$$ \int \frac{\sqrt{x}}{\sqrt{x}-3}dx $$
What is the most dead simple way to do this?
My professor showed us a trick for problems like this which I was able to use for the following simple example:
$$ \int \frac{1}{1+\sqrt{2x}}dx $$
Substituting:
$u-1=\sqrt{x}$
being used to create
$\int\frac{u-1}{u}$
which simplifies to the answer which is:
$1+\sqrt{2x}-\ln|1+\sqrt{2x}|+C$
Can I use a similar process for the first problem?
On
Let $\sqrt{x}=t$.
Thus, $dx=2tdt$ and $$\int\frac{\sqrt{x}}{\sqrt{x}-3}dx=2\int\frac{t^2}{t-3}dt=2\int\frac{t^2-9+9}{t-3}dt=$$ $$=2\left(\frac{t^2}{2}+3t+9\ln|t-3|\right)+C=x+6\sqrt{x}+18\ln|\sqrt{x}-3|+C.$$
On
Hint:
$$\ldots = \int\frac{\sqrt{x}-3+3}{\sqrt{x}-3}\,dx = \int \left(1-\frac{3}{\sqrt{x}-3}\right)\, dx \ldots$$
On
You can use the substitution $x=u^2$. So, the we differentiate both side with respect to $x$ and we get $dx=2udu$ and the the integrand becomes $\frac{2u^2}{u-3}du$. After we use it is easier to go along it.
On
if $t=\sqrt{x}-3$, $x=\left(t+3\right)^2$ then $\dfrac{dt}{dx}=\frac{1}{2\sqrt{x}}\implies dt=\frac{dx}{2\sqrt{x}}\implies2\sqrt{x}dt=dx$ so$$\frac{\sqrt{x}}{\sqrt{x}-3}dx=\frac{\sqrt{x}}{\sqrt{x}-3}d2\sqrt{x}dt=2\frac{x}{t}dt=2\frac{\left(t+3\right)^2}{t}dt=2\left[\frac{t^2+6t}{t}+\frac{9}{t}\right]dt=2\left[t+6+\frac{9}{t}\right]dt=\left[2t+12+\frac{18}{t}\right]dt$$ integrate this:$$\int2t+12+\frac{18}{t}dt=\int2tdt+\int12dt+\int\frac{18}{t}dt=t^2+12t+18\ln t+c{=\left(\sqrt{x}-3\right)^2+12\left(\sqrt{x}-3\right)+18\ln\left|\sqrt{3}-x\right|}{=x-6\sqrt{x}+9+12\sqrt{x}-36+18\ln\left|\sqrt{3}-x\right|}\\{=x+6\sqrt{x}+18\ln\left|\sqrt{3}-x\right|-27+c,c_1=-27+c}\\\rightarrow x+6\sqrt{x}+18\ln\left|\sqrt{3}-x\right|+c_1$$
With $\sqrt x = u$
Let $\sqrt x = u$, then we have $x = u^2$ and $\mathrm{d}x=2u\,\mathrm{d}u$.

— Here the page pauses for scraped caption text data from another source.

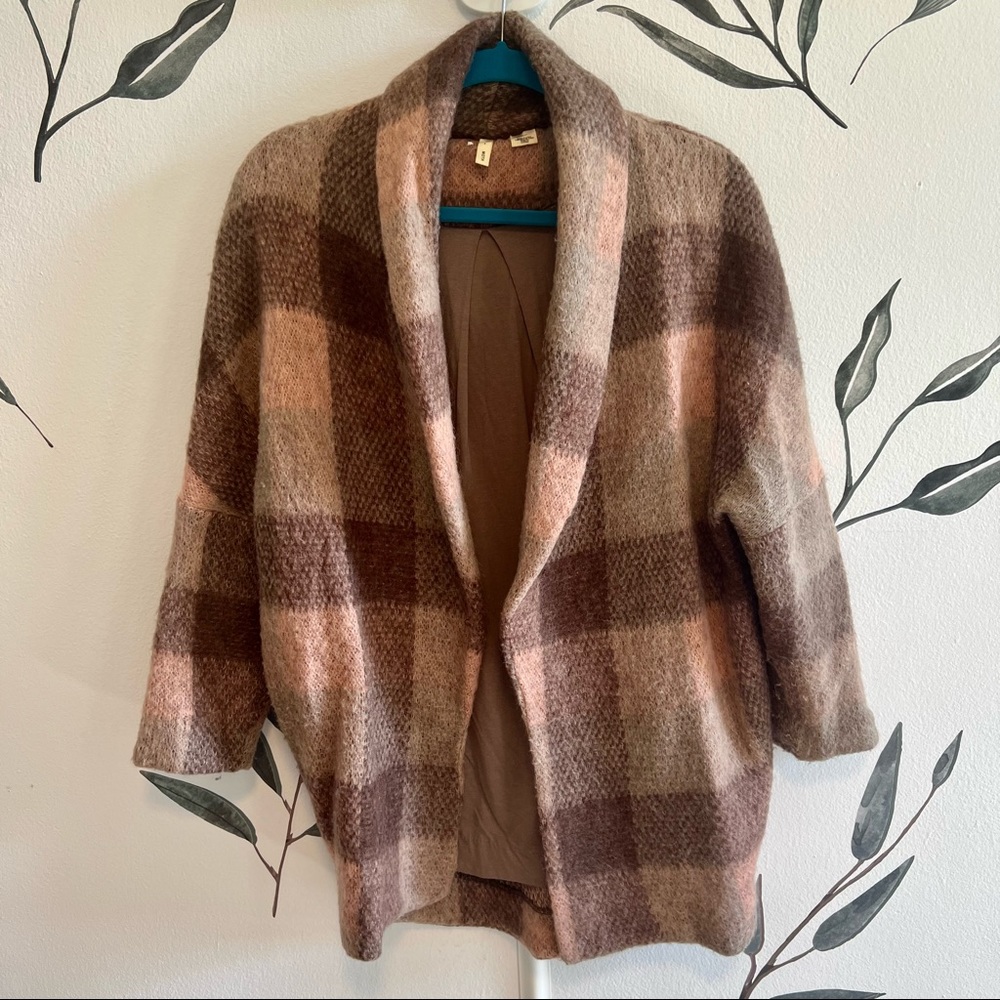 Woodland Plaid Retro Style Sweater Coat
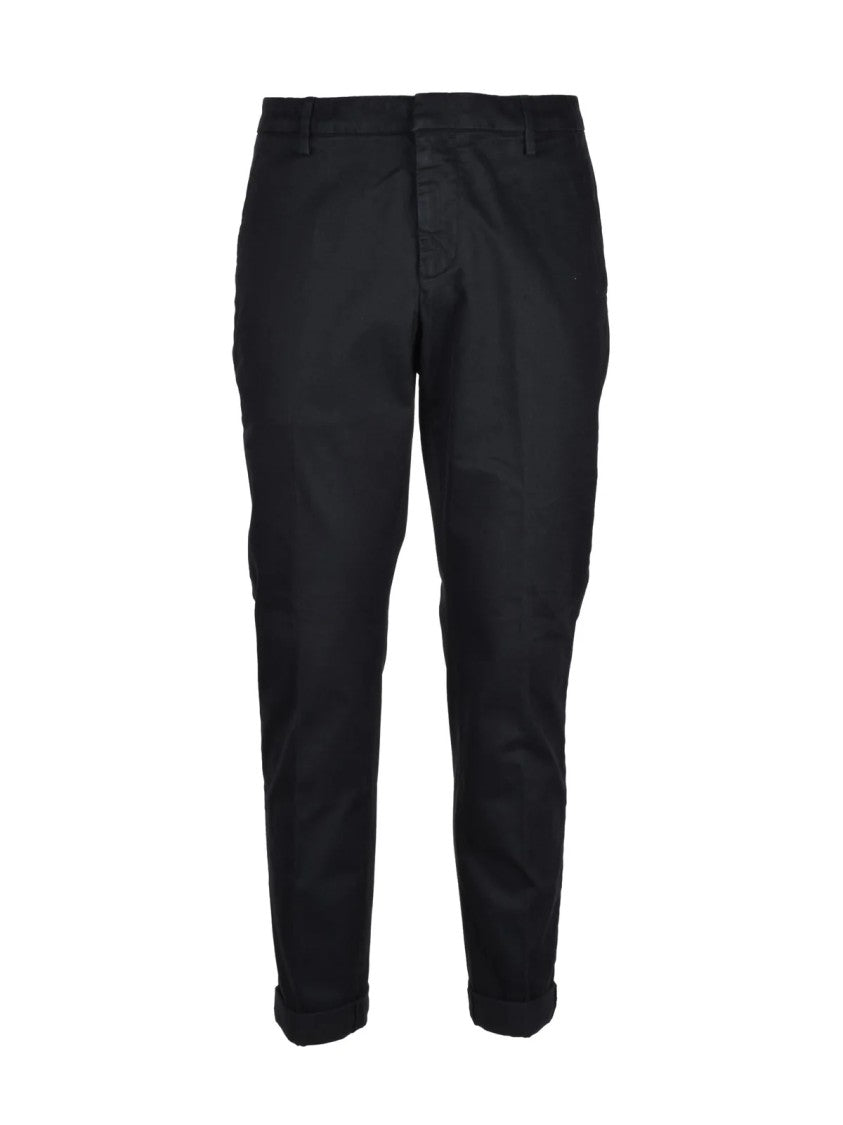 Dondup Black Slim Tapered Gaubert Trousers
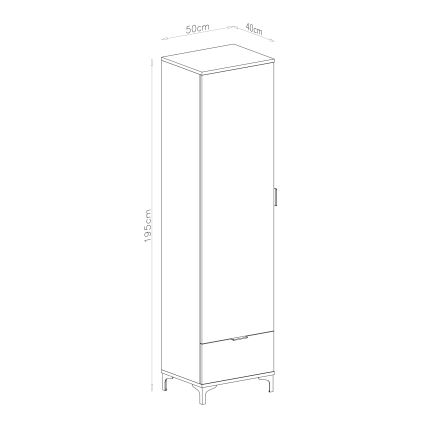 Armário com gaveta LORA carvalho artisan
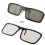 Κυκλικά παθητικά πολωμένα γυαλιά 3D τύπου κλιπ για τηλεόραση Real3D Cinema 0,22mm 1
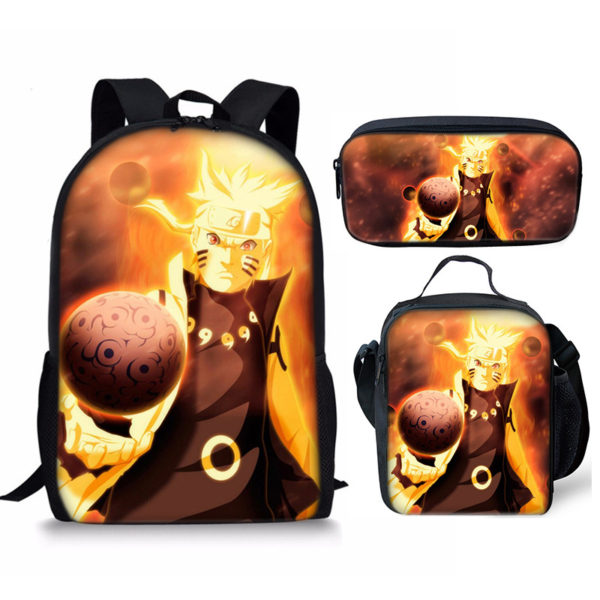 18 Inch NARUTO Backpack School Bag+Lunch Bag+Pencil Bag - Image 25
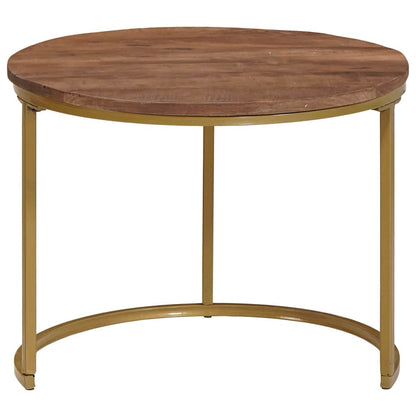 vidaXL Nesting Coffee Tables 2 pcs Dark Brown 50 x 50 x 40 cm 5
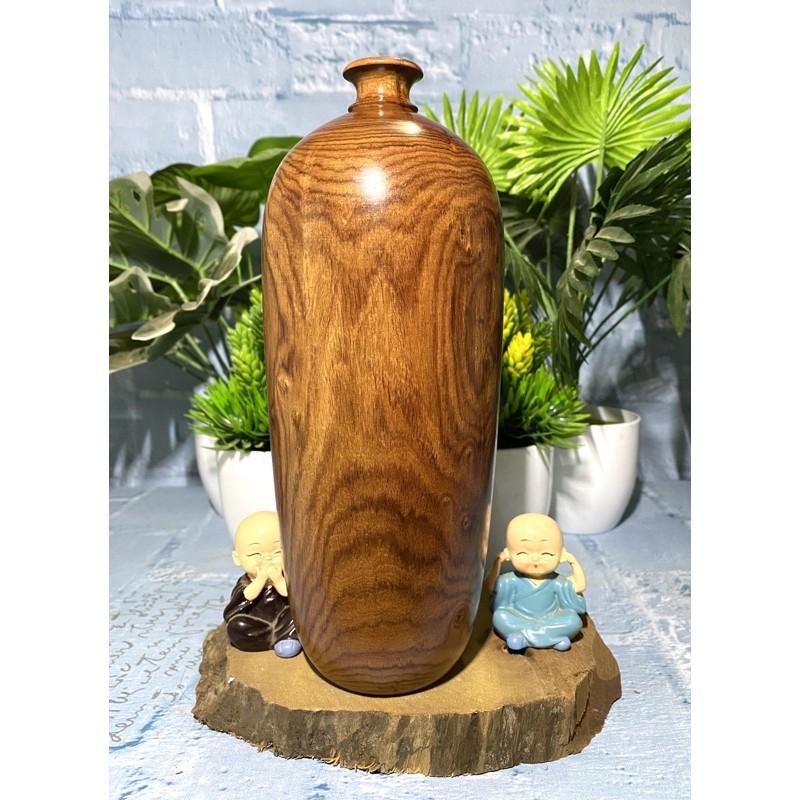 Bình phú quý gỗ Cẩm mini - Nu cực đẹp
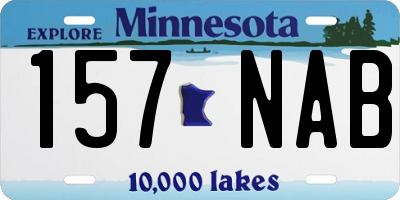 MN license plate 157NAB
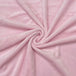 soft pink wide width polyester chenille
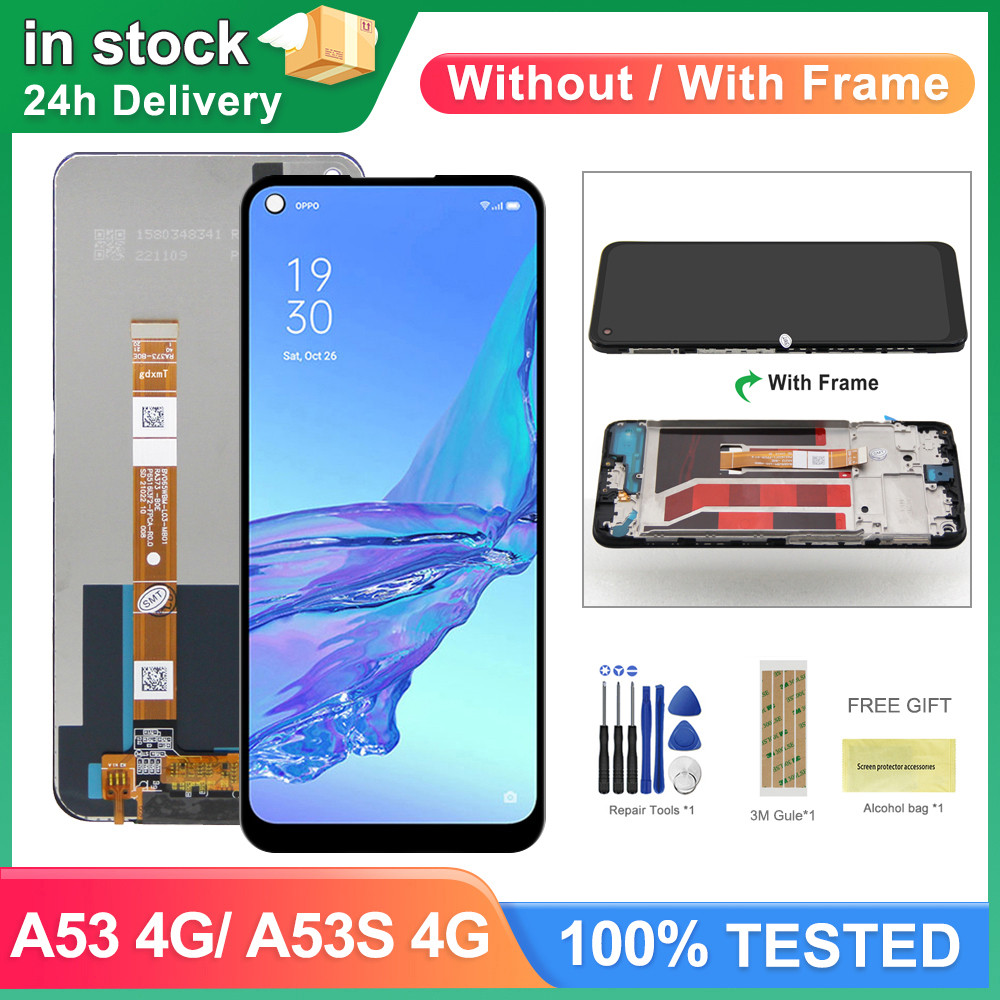 6.5''Display for Oppo A53 4G CPH2127 CPH2131 Lcd Display Tou Screen Digitizer Assembly for Oppo A53S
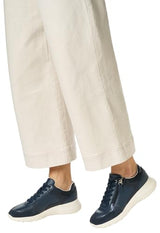 Geox D ALLENIEE B, Zapatillas Mujer, Navy, 37 EU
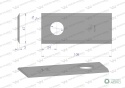 Nóż, nożyk kosiarka 108X46X3mm otwór 21zastosowanie 108D Galfre WARYŃSKI ( sprzedawane po 25 )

\begin{align} \int\frac{u}{u-3}\times 2u\,\mathrm{d}u &= 2\int\frac{u^2}{u-3}\,\mathrm{d}u\\ &= 2\int\frac{u^2-9+9}{u-3}\,\mathrm{d}u\\ &= 2\int\frac{u^2-9}{u-3}\,\mathrm{d}u + 18\int\frac{1}{u-3}\,\mathrm{d}u\\ &= 2\int(u+3)\,\mathrm{d}u + 18\int\frac{1}{u-3}\,\mathrm{d}u\\ &= u^2 + 6 u+18\ln(u-3)+C_1\\ &= x+6\sqrt x +18\ln (\sqrt x -3) +C_1 \end{align}
With $\sqrt x - 3 = t$
Let $\sqrt x -3 = t$, then we have $x = (t+3)^2$ and $\mathrm{d}x=2(t+3)\,\mathrm{d}t$.
\begin{align} \int\frac{t+3}{t}\times 2(t+3)\,\mathrm{d}t &= 2\int\frac{(t+3)^2}{t}\,\mathrm{d}t \\ &= 2\int\frac{t^2+6t+9}{t}\,\mathrm{d}t \\ &= \int\left(2t+12+\frac{18}{t}\right)\,\mathrm{d}t \\ &= t^2 + 12 t + 18 \ln t +C_2\\ &= (\sqrt x-3)^2 +12(\sqrt x -2) + 18\ln(\sqrt x- 3) +C_2\\ &= x +6\sqrt x +18\ln(\sqrt x -3) + C_2-15 \end{align}
Here $C_1=C_2-15$. You can choose either way and the difference is only in the constant.
With $\frac{\sqrt x}{\sqrt x -3}=v$
It is intentionally left for the readers as an exercise.